Click here for dissertation statistics help

Univariate Outliers

Outliers can cause serious problems for any regression-based test such as SEM. Due to distance separation from the normal data swarm outliers tend to make the regression line deviate in the direction of the outlier. Outliers can appear in both univariate and multivariate situations but Tabachnick and Fidell (2001) suggest first assessing univariate outliers. Outliers can be assessed using bivariate scatterplots or boxplots. Examination of the boxplots revealed some variables have outliers that are between 1.5 and three box lengths from the top or bottom edge of the box. The boxplots are in Appendix A. The data were reexamined to check for accuracy. All values were within the expected range and appeared to be a legitimate part of the sample so will remain in the analysis.

Factor analysis has also been articulated by numerous seminal authors as a vital component of a model’s validity. Churchill (1979) stated, “Factor analysis can then be used to confirm whether the number of dimensions can be verified empirically” (p. 69). Nunnally (1978) also stated, “factor analysis is intimately involved with questions of validity…Factor analysis is at the heart of the measurement of psychological constructs” (pp. 112-113). The factor-analytic stage (EFA) therefore, is an assessment of one aspect of model validity.

Principle components analysis transforms the original measures into a smaller set of linear combinations with all of the variance being used (Pallant, 2003). Factor analysis (FA) is similar; however it uses a mathematical model and only analyzes shared variance. Tabachnick and Fidell (2001) described the difference between EFA and FA: “If you are interested in a theoretical solution uncontaminated by unique and error variability, FA is your choice. If on the other hand you want an empirical summary of he data set, PCA is the better choice” (p. 611).

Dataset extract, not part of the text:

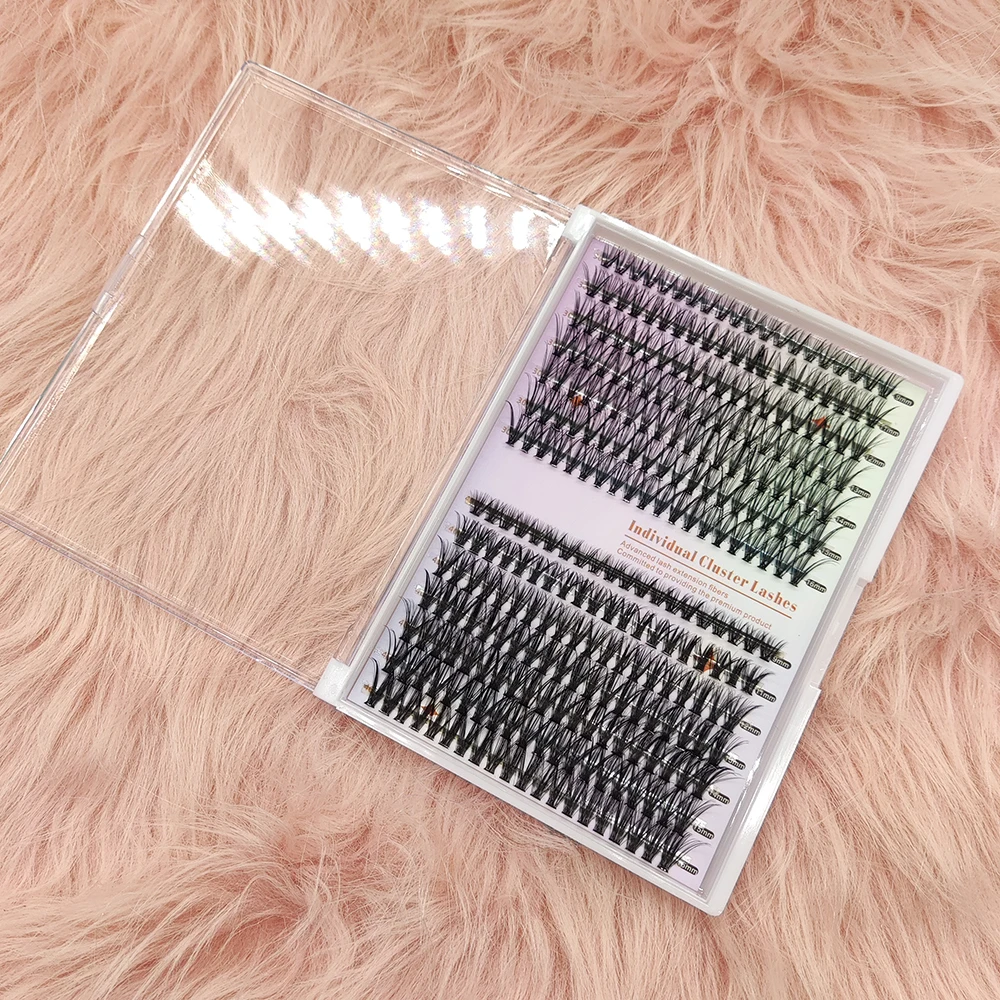 Lash DIY Segment Eyelash Extens DIY Cluster Lash Kit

In addition, PCA yields components whereas FA provides factors. Sometimes they are used interchangeably. This study will follow the factor analysis guidelines of Mertler and Vannatta (2005).

There are two basic requirements to factor analysis: sample size and the strength of the relationship of the measures. The sample size of 286 is close to the 300 recommended by Tabachnick and Fidell (2001) and is sufficient. The authors also caution that a matrix that is factorable should include correlations in excess of .30. If none are found, reconsider use of factor analysis.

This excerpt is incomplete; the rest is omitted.